When Slate Pro Audio’s RAVEN MTX multitouch production console started appearing at trade shows, the WOW factor was through the roof. People saw something they had never experienced before, or even dared to seriously consider.
On exhibit: A giant touch screen display featuring a powerful multitouch mixer (the RAVEN MIXER) that can control all major DAW’s, along with a flexible and user-customizable, multifunction toolbar. A full-featured analog monitoring section with multiple speaker outs and input sources, smart phone connectivity, USB, multiple headphone send and cue options, and a lot more were part of the package.

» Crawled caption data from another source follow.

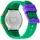 ICE-Watch ICE digit Green purple orange - Grüne Jungenuhr mit Plastikarmband - 021616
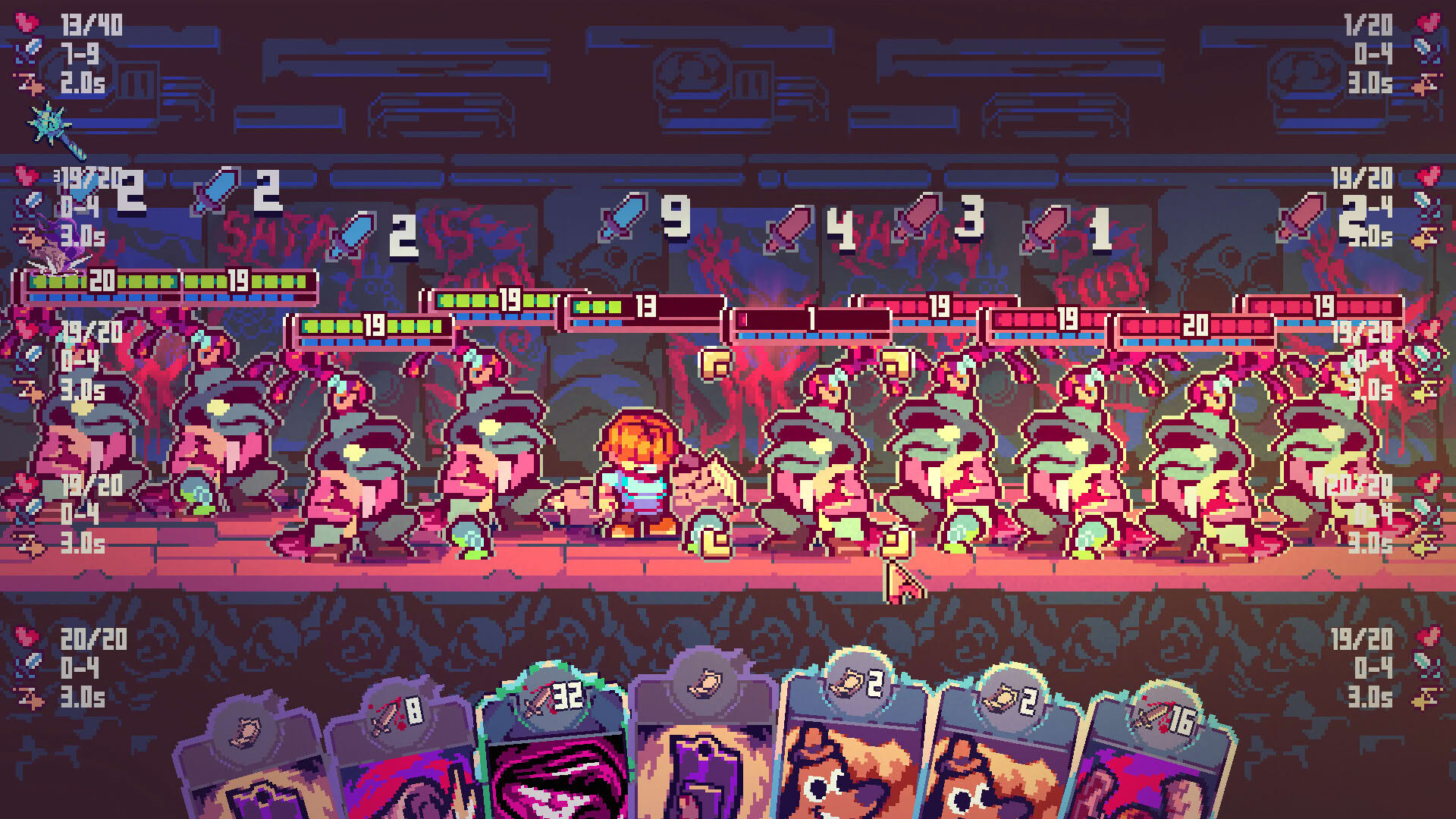 Screenshot for Rungore: Beginner Experience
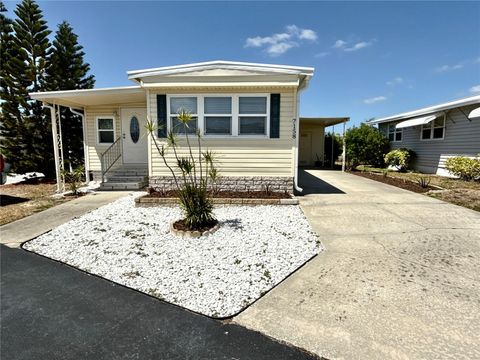 Photo of 7158 Mount Bristol Boulevard NE #456, St Petersburg, FL 33702 (MLS # TB8381661)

The result is a console vastly different from any other control surface out there. And now that they’re becoming available, early-adopting pros are installing RAVENS into their studios and going to work with them.
As captivating as the RAVEN is, its beauty is not just skin-deep. SonicScoop found out just how intensive its story — and philosophy — is when we talked to Slate Pro Audio’s VP of Creative Operations Alex Oana, the Co-Designer and Product Manager for RAVEN.

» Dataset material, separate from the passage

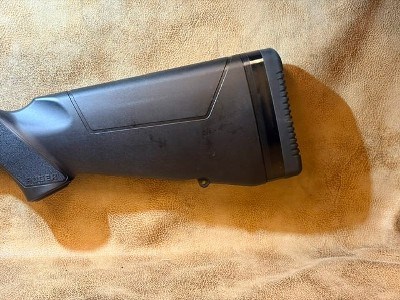 RUGER PC CARBINE TAKEDOWN 9MM LUGER (9x19 PARA) - Image 7 of 8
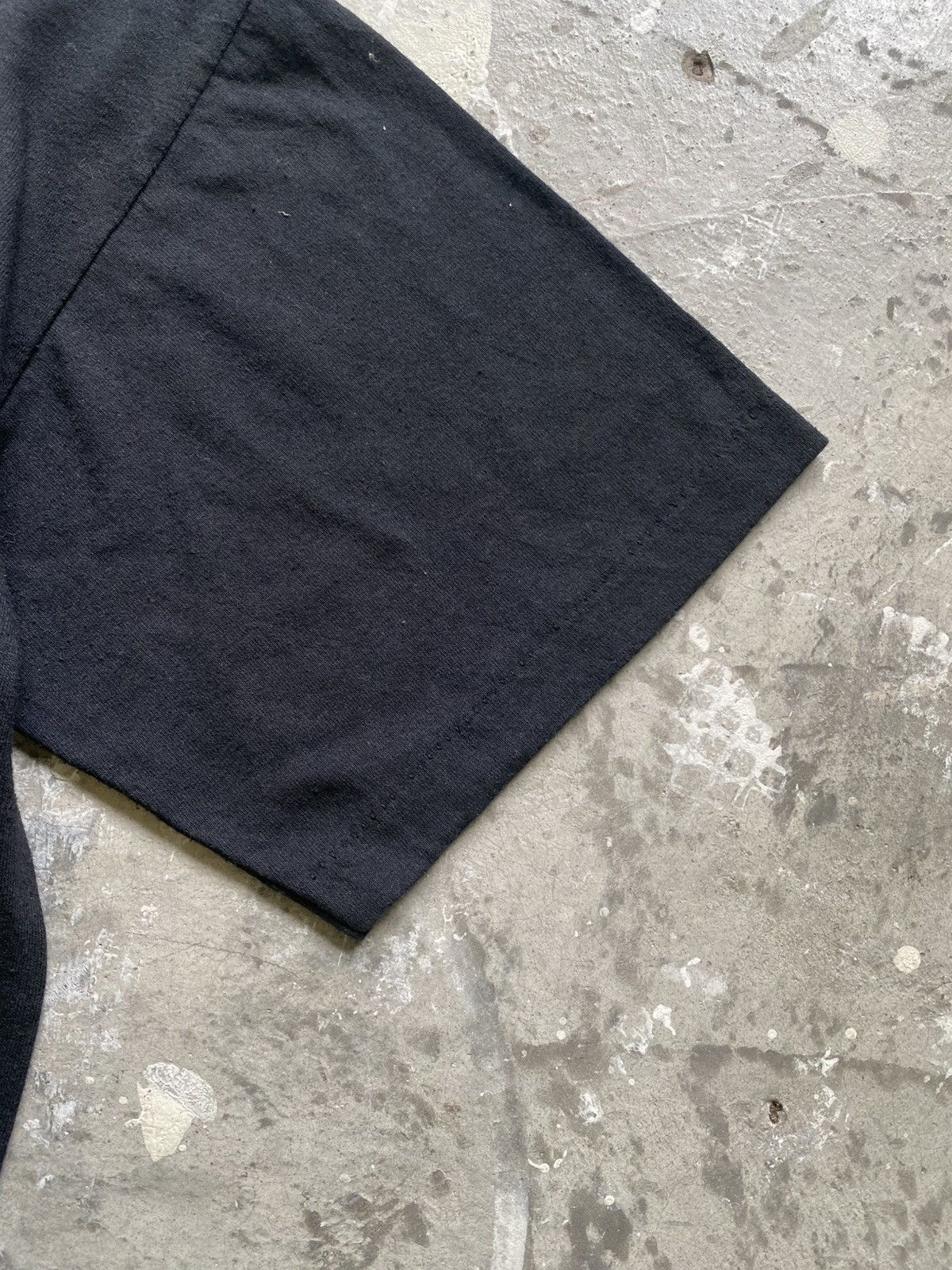 Other × Vintage Vintage 80s Quote Tee Size US L / EU 52-54 / 3 - 5 Thumbnail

Working together with Steven Slate and the company’s dedicated team, Oana experienced first-hand the inspiration, intensive problem-solving, and hard work required for this hyper-ambitious fantasy to became an audio reality. Here’s the way it went down:
Starting from the 10,000-ft. view, how does Slate decide what new products – hardware and/or software – to develop?
Most of the time product development at Slate begins with Steven asking himself, “What do I need?”
In the case of the RAVEN he had been working on a monitor controller he wanted for his studio when we met. I suggested to Steven that a studio hardware product like that should be built around the DAW. Steven kept saying, “Let’s make it bigger, like a console” and I kept throwing in features like integrated USB, iPhone dock and laptop reference speakers which led to him hiring me!
We took our non-multitouch RAVEN X1, a huge confusing console that made no sense, to NAMM 2012.
Out of frustration I said to Steven, “We claim to be innovative, but this [Raven X1] isn’t innovative at all. What would be innovative is if we made the Raven a giant touch screen so you can touch your DAW directly.”
Three things separate Steven Slate from other developers:
1) He can’t let a good idea go,
2) He won’t rest until he sees an idea through, and
3) It has to be perfect.
My little multitouch idea that I had been dreaming of since I first started working with Pro Tools in the late 1990s started our journey along the “bleeding edge.” After 18 months of blood sweat and tears we know first-hand what that term truly means.
From there, what made the RAVEN a priority for Slate to develop?
DAWs are amazing. As advanced and miraculous DAWs are, there’s been no intuitive way to interact with them. Before RAVEN, working with a DAW was like trying to play a guitar with a trackball.
We looked around and it just seemed like everybody who should be making multitouch hardware and software was just sleeping. We really wanted the RAVEN for ourselves because using a keyboard and mouse to create music sucks and it’s not healthy. My elbow, wrist and hands were killing me!
When we debuted the prototype RAVEN at AES 2012 we knew one of two things would happen – we’d be the laughingstock or people would flip out. Luckily people flipped out.
Steven said that Slate wanted to “respect the console heritage” in creating the RAVEN. What does that mean from an ergonomic, creative and sonic standpoint?
Think of a wraparound Helios console from the 1970s. It was designed to place every control the engineer would need within easy reach. As studio tools expanded the consoles got bigger, racks of outboard sprung up behind and to the sides, making it impossible for the engineer to work in the sweet spot.